AMMAN - The Greater Amman Municipality’s (GAM) Bus Rapid Transit (BRT) project continues to negatively impact the businesses of Tabarbour traders and landlords, forcing many out of work, President of the Amman Chamber of Commerce Khalil Haj Tawfiq said last week.
“Due to the severe setback in Tabarbour merchants’ sales and revenues, the ACC is currently estimating the value of damages and losses caused by the BRT project,” the president of the commerce chamber told The Jordan Times.
Construction of the BRT’s infrastructure, which began back in June 2019, has had “a negative impact on all sectors of the area”, including the garment sector, gas stations, car rental agencies and other service sectors, Haj Tawfiq said.

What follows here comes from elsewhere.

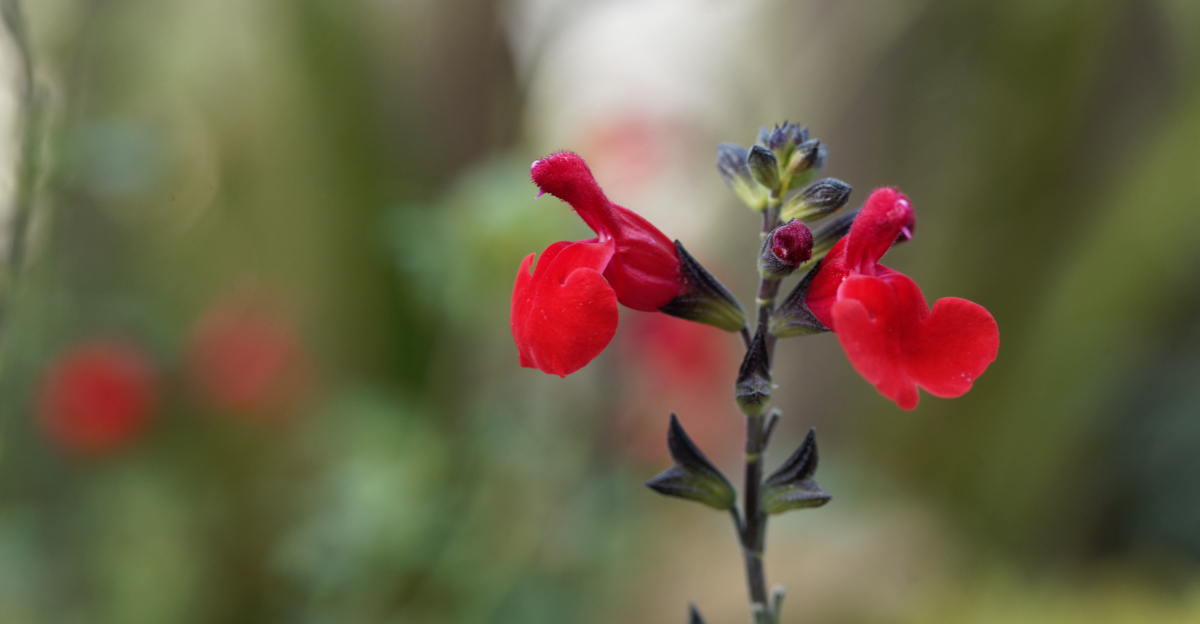 Salvia (featured image)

He added that more than 50 businesses have shut down operations and closed their doors.
GAM has also failed to consult merchants about project procedures that would affect them and their businesses, Haj Tawfiq said, noting: “This is a national project, which means it should not affect citizens and their interests.”

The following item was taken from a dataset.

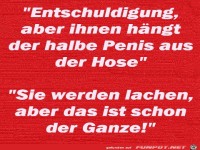 Der halbe Penis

“The least that could be done is exempt Tabarbour traders from sales tax, vocational licences and property tax,” he said.
Comprehensive mechanisms and plans need to be established to ensure the rights of Tabarbour traders through forming local committees, according to the ACC president.
“The BRT project contributes to the development of the Kingdom, but it must not put traders further behind given all the road closures and detours around Tabarbour’s Tareq intersection,” he said.
Yazan Faluji, the owner of a stationery shop at the Tareq intersection, told The Jordan Times over the phone on Wednesday that “all stores” near the BRT project have been closed.
“My store is almost a kilometre from the construction of the project, and my sales have significantly dropped. Still, it is not that bad compared to stores that have closed their doors for good,” Faluji said.
According to Director of the BRT at GAM Riad Kharabsheh, the ACC’s efforts to obtain data regarding the loss of earnings and the value of the damage are “of the utmost importance”.
As a government institution, GAM is “fully prepared” to follow up on the compensation of merchants affected by the project’s construction as long as it is subject to “observable and clear regulations”, Kharabsheh told The Jordan Times on Wednesday.